# 10 gal DIY light hood



## Kaylee Skylyn (Oct 17, 2005)

*gasp!* A non-CO2 DIY?? Amaising. :icon_smil 

*10 gal DIY light hood*

*Preamble:*
So I am running out of room at home for aquariums, and I need to cut down (humidity) but still want to have separate tanks for multiple shrimp species so I got the idea to bring my spare 10 gallon tank in to work and set it up there. Only problem is I don’t have a hood to go with it and I need enough light to grow plants. My other 10 gal is set up right beside a 15 gal and together they share a 4 foot strip light, works great but I needed something compact and presentable for the office.

So that got me searching for DIY hoods and the most I could come up with was the constant AH supplies suggestion. I got tired of it. Now I love their lights and reflectors but 1) I’m in Canada and the cross boarder cost always kicks me and 2) they were going to be _quite a bit _more expensive than I was hoping to spend on my little 10 gal. I also didn’t want to wait for it to be shipped. When I want to upgrade to better lighting, and I have the money I will go with AH but for now I just wanted plan and simple, readily available bulbs (I don’t want to be re-ordering bulbs every 6 months and re-pay the border crossing fees every time) and CHEEP. I searched forums and aquarium sites high and low and could not find a DIY plan that did not involve the AH supplies lights, now I know there has to be another option.
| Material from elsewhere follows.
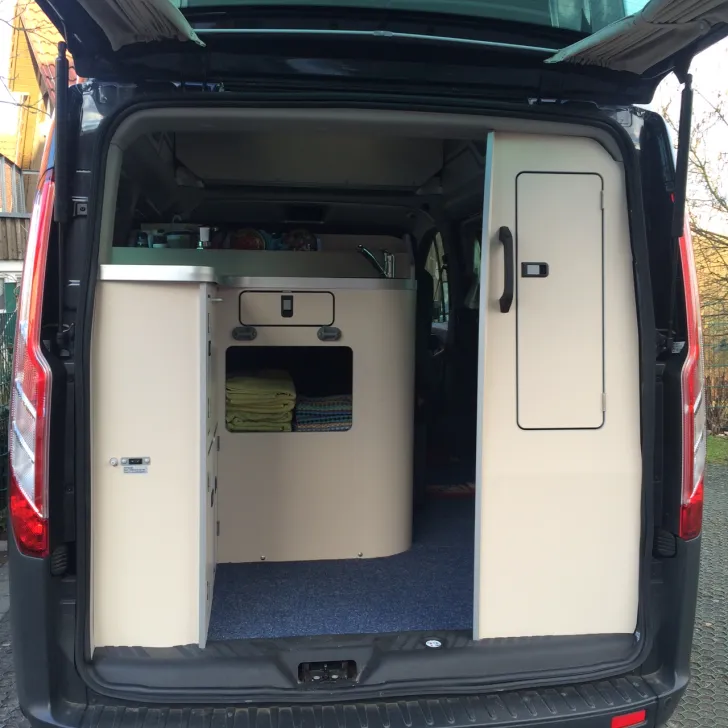 Fahrzeugbild Ford Transit Custom Nugget Hochdach #3
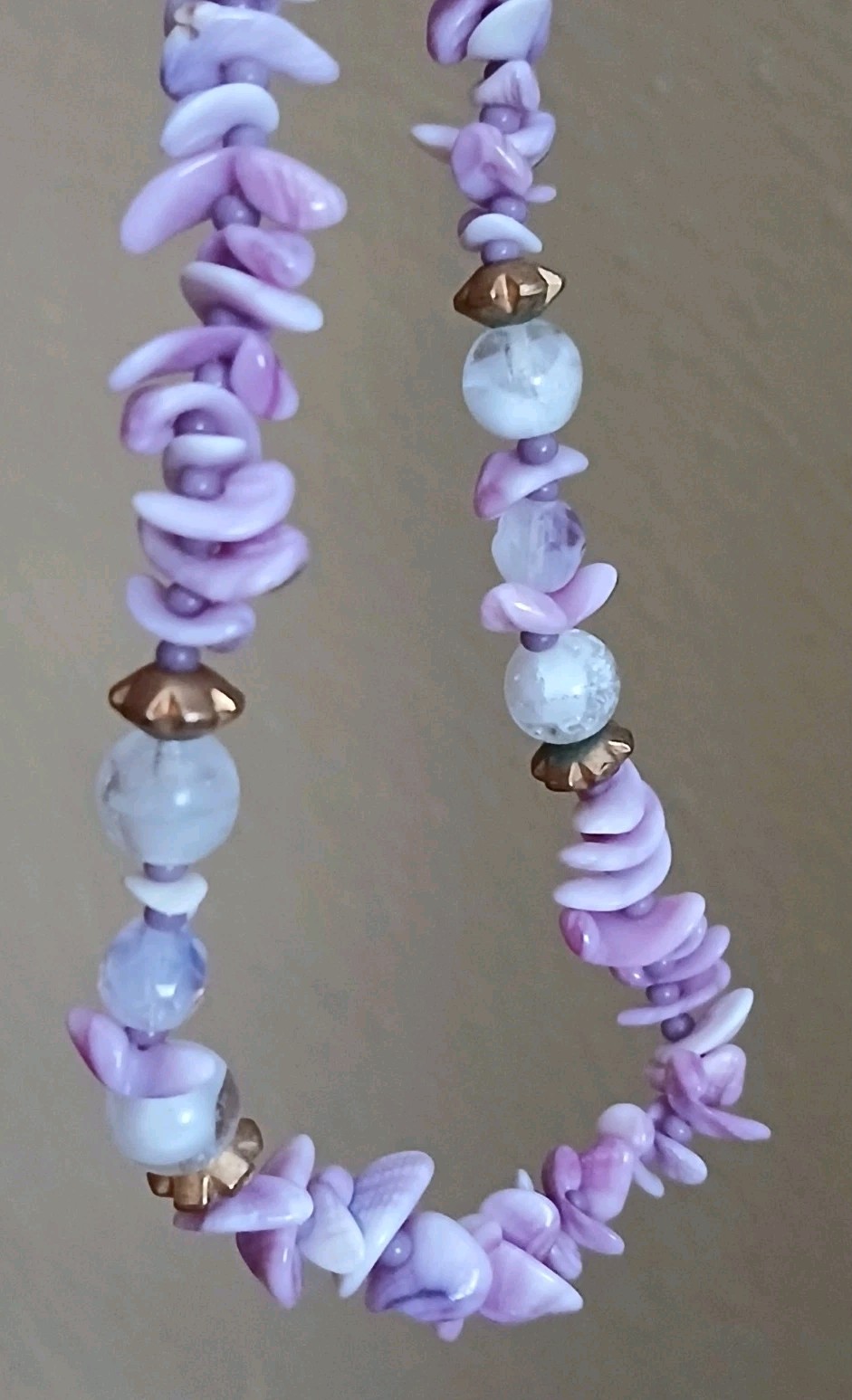 Vtg Miriam Haskell Lavendar Shell With White&Clear Art Glass Beaded Necklace 16″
So I set out to find a solution to my lighting problem. I wandered numerous hardware stores various days and amounts of time. I eventually thought I would have to settle for the little square end compact florescent tubes but could not find a ‘ballast’ or such to go with them. Crazy. But I wasn’t to fond of this solution anyways. The bulbs were small, I would have to pack in quite a few to get enough light and an even coverage of light. They were also not the greatest quality light for plants. Then in one store I stumbled across some very nice 18 inch (46 CM) T8 ‘plant and aquarium’ bulbs! Awesome! Perfect size and in the spectrum I need! So very happy I picked up a few and wandered down to the ballast section to see if I could find the right size so I could make my own fixture. Sure enough there was one. I was bouncing with joy. I’ve never seen this size plant bulb before so don’t think it is widely carried (I can’t imagine there is much of a demand). I picked up a few more odds and ends and set off back home to start the project. (I didn't take photos of the first number of steps so I just drew little pictures. Hopefully they make sence)
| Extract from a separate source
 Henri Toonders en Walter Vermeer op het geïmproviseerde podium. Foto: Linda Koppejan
*Supplies *(all of this stuff can be picked up at at a big Home Depot):

4 by 1 wood (3 pieces at 21 inches,1 piece at 19 3/8 inches, 2 pieces at 11 inches)
2 by 1 wood (2 pieces at 11 inches) optional
5 by 1 wood (1 piece at 21 inches?)
Saw (or have the wood cut when you buy it)
Wood glue
Wood clamps (at least 2)
2 18 inch (46CM) 15 W T8 plant and aquarium florescent light bulbs 
Electrical tape
Electrical ‘nubs’
End pieces
Shellac/varnish (for outside)
White paint (for inside)
Piano hinge (2 pieces at 18 inches?)
Hack saw (to cut the piano hinge)
Small wood screws (for hinges)

I had the saws, screws, measureing tape and such at home already so the total cost, not including those was about ....

*The Project!*

So first thing I did was double check the lights would fit with everything, yep good. 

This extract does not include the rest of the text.